Help with Y'=0 wanted

1. Aug 30, 2012

jakobs

1. The problem statement, all variables and given/known data

I'm gonna solve the equation Y'=0 if Y=x*e-0,4x

2. Relevant equations

3. The attempt at a solution

I can come as far as to Y'=(1-0,4x)*e-0,4x

Where do I go from here?
Can i just write (1-0,4x)*e-0,4x=0 ?

I can solve the easier kinds of these equations, but this one is the hardest of the ones that I have, and I suspect that something like this will show up on a test in the future, so it would be good if I can solve it.

Anyone can help me in the right direction?

2. Aug 30, 2012

drawar

Since $${e^a}$$ is always > 0 for every value of a, then assume your computed y' is correct, you only need to solve the equation: 1-0.4x = 0, as simple as that.

3. Aug 30, 2012

Staff: Mentor

Yes. Now, either 1 - 0.4x = 0 or e-.4x = 0.

Note that e-.4x ≠ 0 for any real x.

Edit: Didn't notice that drawar said essentially the same thing.

4. Aug 30, 2012

jakobs

So I only have to solve 1-0,4x=0 and that will be the whole answer for the whole equation?

5. Aug 30, 2012

CAF123

Well, the solution to 1-0.4x =0 solves Y'=0.

6. Aug 30, 2012

jakobs

I don't understand the whole thing

Can somebody show all steps to solving this one?
I really need to learn it.

7. Aug 30, 2012

Staff: Mentor

The problem, apparently, is to find the x value(s) for which f'(x) = 0, where f(x) = xe-.4x. (Changed from your notation of y(x) to f(x).)

You found f'(x) = (1 - 0.4x)e-.4x

If f'(x) = 0, then (1 - 0.4x)e-.4x.

For what x is f'(x) = 0?

8. Aug 30, 2012

jakobs

According to some earlier posts the solution to 1-0.4x =0 solves Y'=0

If x is 2.5 then it will be 0.

But what should I do with e-0,4x?

9. Aug 30, 2012

Staff: Mentor

Nothing.
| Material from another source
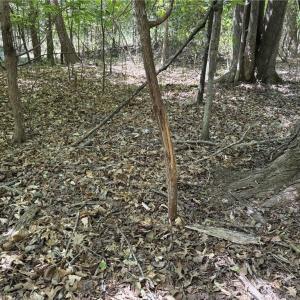 Photo #16 of Price Grange, Stoneville, NC 5.0 acres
As already mentioned, e-0.4x > 0 for all real x.

10. Aug 30, 2012

jakobs

Okay, so the answer to the problem is:
y=x*e-0,4x
y'=(1-0,4x)*e-0,4x

y'=(1-0,4x=0
x=2.5

e-0,4x is always >0

And this classifies as the correct answer?

11. Aug 30, 2012

Staff: Mentor

You have a lot of cruft in there that is unnecessary. Here is all you need to say:

If y = x*e-0.4x, then y' = 0 when x = 2.5.